Concretamente, un promedio de 110 personas por cada 1.000 han consumido una dosis de benzodiacepina al día, según denuncia la Organización de Consumidores y Usuarios (OCU). Se trata de un medicamento utilizado para trastornos de ansiedad o insomnio, principalmente, cuyo elevado consumo por parte de la población "responde a la falta de una respuesta adecuada por parte de la sanidad pública a los problemas de salud mental".
Las benzodiacepinas son los fármacos "tranquilizantes o inductores del sueño más utilizados en la práctica clínica", aunque existe controversia con su eficacia y seguridad, sobre todo en pacientes con trastornos adictivos previos, tal y como recoge la 'Guía consenso para el buen uso de las benzodiacepinas publicada por Sanidad'.

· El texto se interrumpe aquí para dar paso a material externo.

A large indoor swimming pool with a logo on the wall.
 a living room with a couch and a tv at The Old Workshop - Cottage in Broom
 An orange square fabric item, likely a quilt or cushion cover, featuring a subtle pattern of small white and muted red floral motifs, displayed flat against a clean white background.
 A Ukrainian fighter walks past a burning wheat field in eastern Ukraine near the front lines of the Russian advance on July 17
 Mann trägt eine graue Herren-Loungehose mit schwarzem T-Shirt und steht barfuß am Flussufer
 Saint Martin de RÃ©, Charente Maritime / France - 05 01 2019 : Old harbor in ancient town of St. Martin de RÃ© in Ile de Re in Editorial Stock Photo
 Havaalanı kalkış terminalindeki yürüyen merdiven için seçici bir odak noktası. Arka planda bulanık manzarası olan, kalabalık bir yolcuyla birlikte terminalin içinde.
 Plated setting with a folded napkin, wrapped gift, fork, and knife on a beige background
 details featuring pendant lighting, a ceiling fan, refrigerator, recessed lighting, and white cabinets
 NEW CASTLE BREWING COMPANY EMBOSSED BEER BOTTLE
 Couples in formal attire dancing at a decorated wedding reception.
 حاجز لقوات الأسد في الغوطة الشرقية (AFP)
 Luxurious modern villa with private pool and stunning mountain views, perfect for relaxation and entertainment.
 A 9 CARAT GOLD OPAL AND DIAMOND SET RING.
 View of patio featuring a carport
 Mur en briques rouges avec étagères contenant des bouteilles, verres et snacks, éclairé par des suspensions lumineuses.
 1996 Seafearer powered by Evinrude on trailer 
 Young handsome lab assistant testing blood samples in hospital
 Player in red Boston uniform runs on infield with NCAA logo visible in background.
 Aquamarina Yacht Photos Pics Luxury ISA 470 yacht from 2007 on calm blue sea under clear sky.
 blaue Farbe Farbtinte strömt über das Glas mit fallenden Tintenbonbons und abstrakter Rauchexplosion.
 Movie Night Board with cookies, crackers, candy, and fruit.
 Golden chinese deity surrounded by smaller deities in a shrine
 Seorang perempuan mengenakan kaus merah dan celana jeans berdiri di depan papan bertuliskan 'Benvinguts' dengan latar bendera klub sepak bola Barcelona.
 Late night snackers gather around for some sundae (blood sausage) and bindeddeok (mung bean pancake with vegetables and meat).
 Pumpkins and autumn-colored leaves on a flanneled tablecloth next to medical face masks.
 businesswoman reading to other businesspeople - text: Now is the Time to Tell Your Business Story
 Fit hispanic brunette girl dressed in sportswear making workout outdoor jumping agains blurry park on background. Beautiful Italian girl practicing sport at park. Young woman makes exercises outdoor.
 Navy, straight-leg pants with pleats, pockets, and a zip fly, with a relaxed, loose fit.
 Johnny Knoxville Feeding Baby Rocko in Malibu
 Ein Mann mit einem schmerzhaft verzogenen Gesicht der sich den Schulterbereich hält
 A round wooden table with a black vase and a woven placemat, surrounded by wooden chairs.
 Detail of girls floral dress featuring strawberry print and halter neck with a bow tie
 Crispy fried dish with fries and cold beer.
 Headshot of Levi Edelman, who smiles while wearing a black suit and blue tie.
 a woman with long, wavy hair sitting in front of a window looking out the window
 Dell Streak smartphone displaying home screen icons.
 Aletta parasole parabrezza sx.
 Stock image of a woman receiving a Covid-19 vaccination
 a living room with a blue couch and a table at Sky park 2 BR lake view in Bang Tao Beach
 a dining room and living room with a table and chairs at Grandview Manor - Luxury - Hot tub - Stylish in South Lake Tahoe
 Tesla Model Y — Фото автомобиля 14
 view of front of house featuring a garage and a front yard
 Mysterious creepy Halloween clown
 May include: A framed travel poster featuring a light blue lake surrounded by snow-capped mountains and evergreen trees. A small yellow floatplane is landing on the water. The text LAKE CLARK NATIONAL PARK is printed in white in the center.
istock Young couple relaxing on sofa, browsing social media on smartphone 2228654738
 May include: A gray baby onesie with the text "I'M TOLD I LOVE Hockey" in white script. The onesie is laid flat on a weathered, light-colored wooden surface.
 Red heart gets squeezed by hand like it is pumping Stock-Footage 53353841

En este sentido, las benzodiacepinas más conocidas y consumidas entre la población son las siguientes: Diazepam (Valium), Alprazolam (Trankimacin) o Lorazepam (Orfidal). Este tipo de fármacos puede tener diversas utilidades clínicas, como ansiolíticos, hipnóticos, antiepilépticos, relajantes musculares y asistencia al alcohol u otras drogas.
Los problemas de salud mental no han parado de crecer en los últimos tiempos. "Aunque ya estamos viendo la luz al final del túnel, muchas personas sufren el impacto psicológico que ha tenido la pandemia, y cuando acuden al Sistema Nacional de Salud, la solución que reciben son pastillas", critican en la organización.